Never before has that been made more clear in our lives than a few years ago. Our home literally was not built on a foundation that was stable. The support poles on which the entire house was set were not actually connected to the house in some places and in others were not at the correct height. Outwardly the house seemed beautiful, yet to the ones who lived in the house, the slight raise in the floor, the way a ball would roll across the entire living room to one corner, and the slight slant of the crown molding in one corner all pointed to some severe structural problems that one day would be of great cause of concern if not fixed. So, many thousands of dollars and many loud days of construction later, the repairs were completed. Now the house must settle again, cracks in sheetrock must be repaired, crown molding redone, roof support completed. All because the foundation was not correctly laid.

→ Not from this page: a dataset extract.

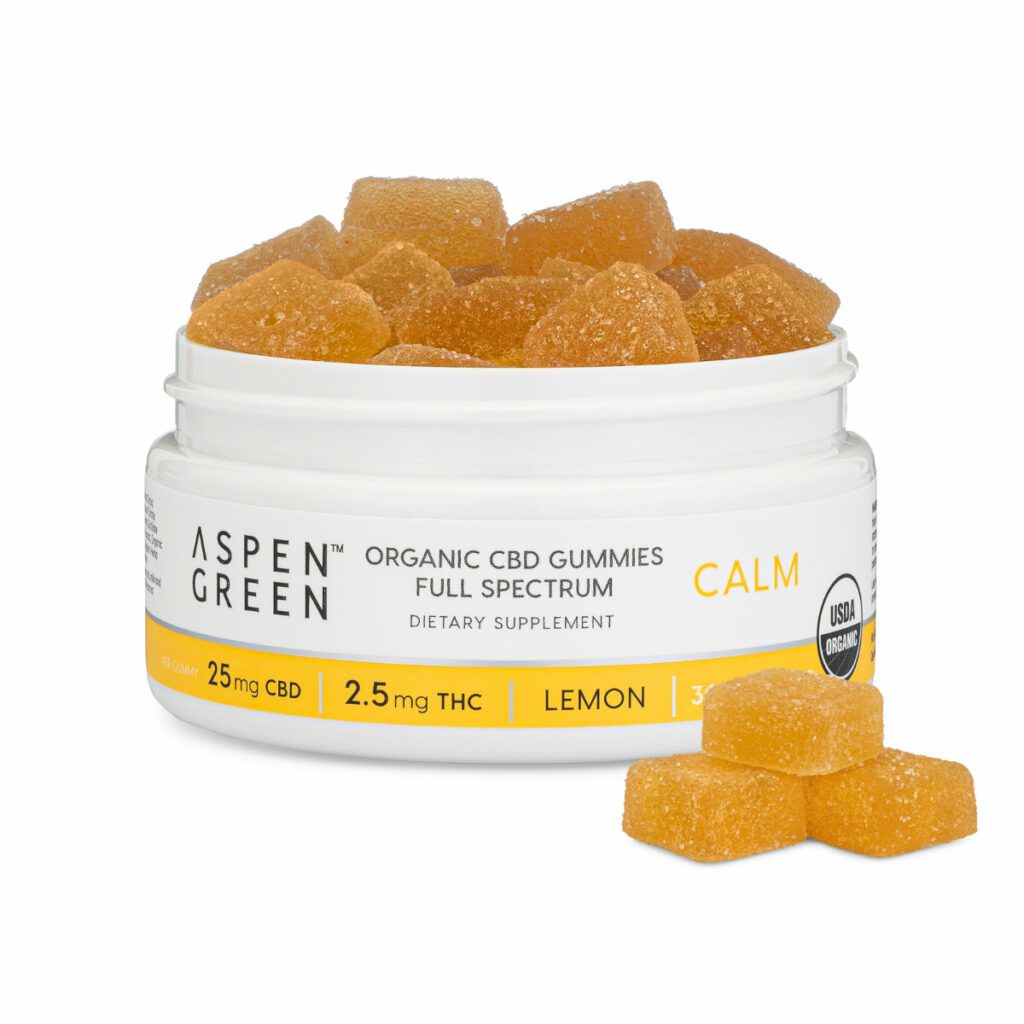Aspen Green Calm Full Spectrum CBD Gummies - Open jar revealing USDA Certified Organic, 25mg CBD accompanied by three individual gummies, Lemon Flavor, 30 count Aspen Green Calm Full Spectrum CBD Gummies - Open jar revealing USDA Certified Organic, 25mg CBD accompanied by three individual gummies, Lemon Flavor, 30 count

How often does that occur in our own lives? we miss out on the truth that He alone must be our foundation – that at the moment of our salvation we were given the Holy Spirit, the indwelling power who raised Christ from the dead. Often we try to make something else, actions, thoughts, good things the foundation of our lives instead of Christ Himself. I have certainly been guilty of this here. I have sought to make writing in my journals or in the notes section of my ipad foundation enough, proof of my obedience. Instead of relying on the One who lives within me to lead the writing and trusting Him for the results, I have been trying to hang pictures on walls slightly slanted (lack of trust in His power), paint walls not fully plumb (based in disobedience), and walk on floors that aren’t level (because I’m not giving Him the opportunity to make my paths straight Proverbs 3:5-6) Now I choose to step out with Him, and allow His hand to shape my foundation in this area, trusting that His way of doing things far surpasses my own and will result in praise, glory and honor to Him forever!

and so a few foundation verses:
Rev. 4:11 “Worthy are you, our Lord and God, to receive glory and honor and power, for you created all things, and by your will they existed and were created.”
Col. 1:16-17 “For by him all things were created, in heaven and on earth, visible and invisible, whether thrones or dominions or rulers or authorities — all things were created through him and for him. And he is before all things, and in him all things hold together.”